Captioned web images -

........

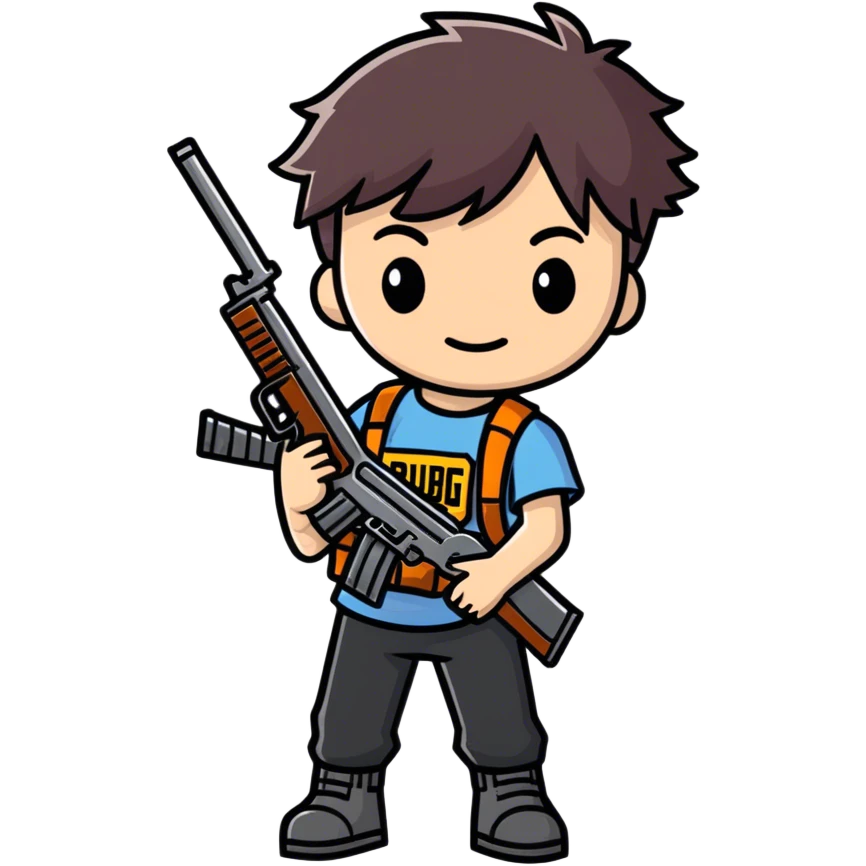 Boy with pubg  emoji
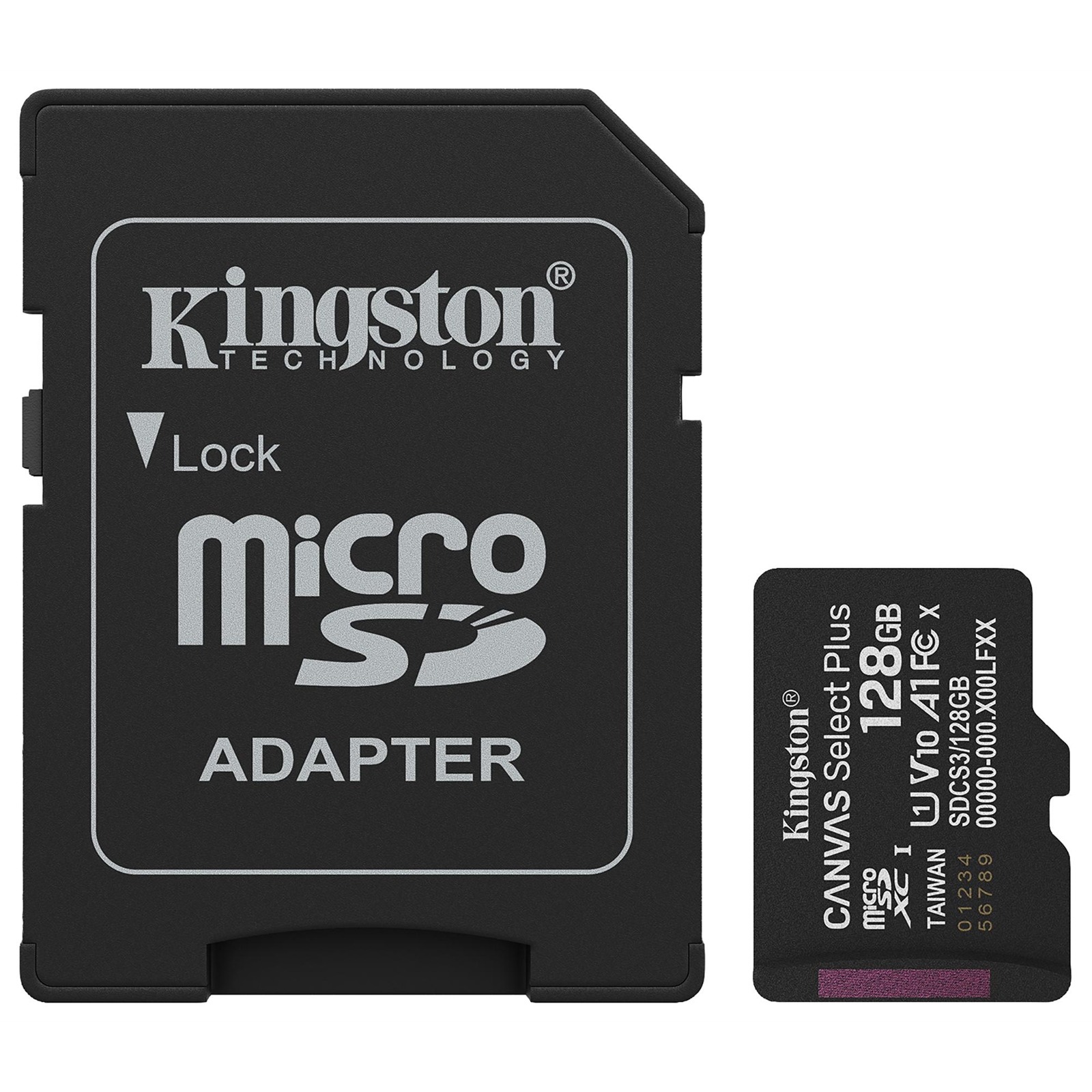 KINGSTON 128GB CANVAS MICROSDXC CARD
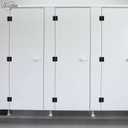 4Pcs Stainless Steel Self Closing Door Hinges,Restroom Partition Door Hinge,2.75" Black Matte Hinge,Partition Door Hardware,for Hotel,Shopping Mall,Bathroom,Toilet,Cabinets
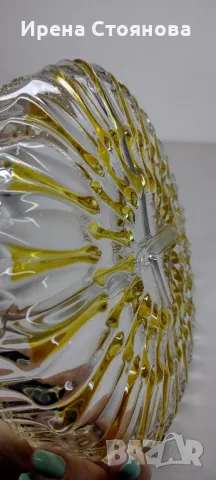 Плато за сервиране и парти купа с 4 разделения Walther Crystal Glas, снимка 7 - Чинии - 47921319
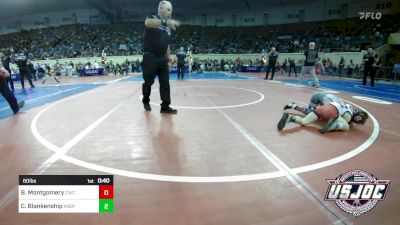 60 lbs Round Of 16 - Brison Montgomery, CacheWrestlingClub vs Clay Blankenship, Mustang Bronco Wrestling Club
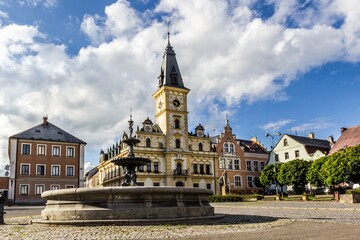 Town Hall in Hodkovice nad Mohelkou, Czech Republic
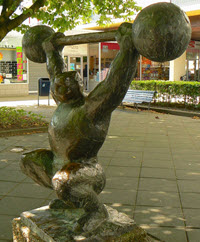 weightlift statue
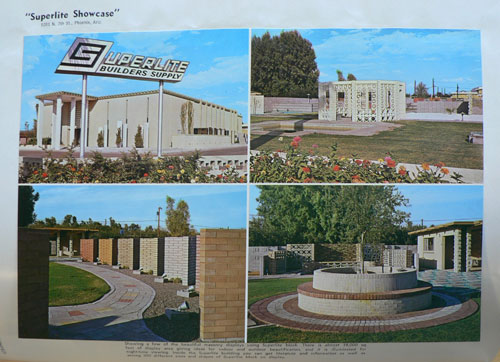 Superlite Corporate Headquarters Demonstraation Yard in Phoenix Arizona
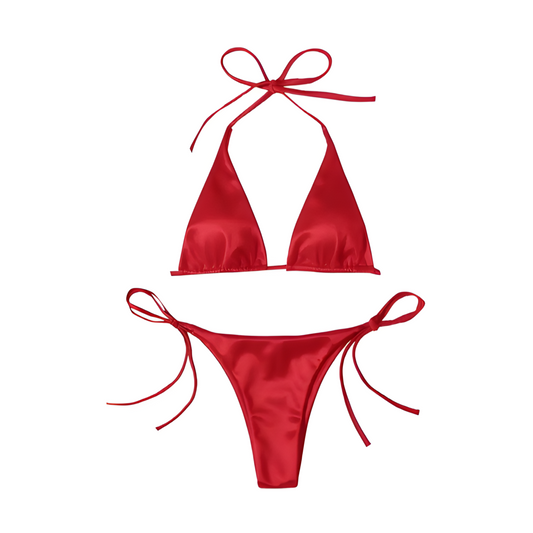 Silky Bikini- Red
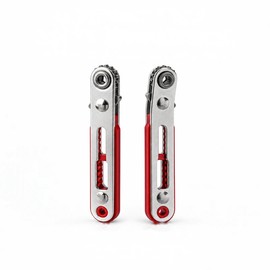 Mini Ratcheting Screwdriver for Tight Spaces – 4.06-Inch Reversible Alloy Steel Tool with 2 Screwdriver Bits for Home Repairs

........

WHAT THE EXERCISE ASKS - Exactly the lines from the line containing "KINGSTON 128GB CANVAS MICROSDXC CARD" to the end of the records need to be copied, both ends included, with pictures left out.

OUTPUT FOR THIS TASK -
 KINGSTON 128GB CANVAS MICROSDXC CARD
 4Pcs Stainless Steel Self Closing Door Hinges,Restroom Partition Door Hinge,2.75" Black Matte Hinge,Partition Door Hardware,for Hotel,Shopping Mall,Bathroom,Toilet,Cabinets
 Плато за сервиране и парти купа с 4 разделения Walther Crystal Glas, снимка 7 - Чинии - 47921319
 60 lbs Round Of 16 - Brison Montgomery, CacheWrestlingClub vs Clay Blankenship, Mustang Bronco Wrestling Club
 Town Hall in Hodkovice nad Mohelkou, Czech Republic
 weightlift statue
 Superlite Corporate Headquarters Demonstraation Yard in Phoenix Arizona
 Silky Bikini- Red
 Mini Ratcheting Screwdriver for Tight Spaces – 4.06-Inch Reversible Alloy Steel Tool with 2 Screwdriver Bits for Home Repairs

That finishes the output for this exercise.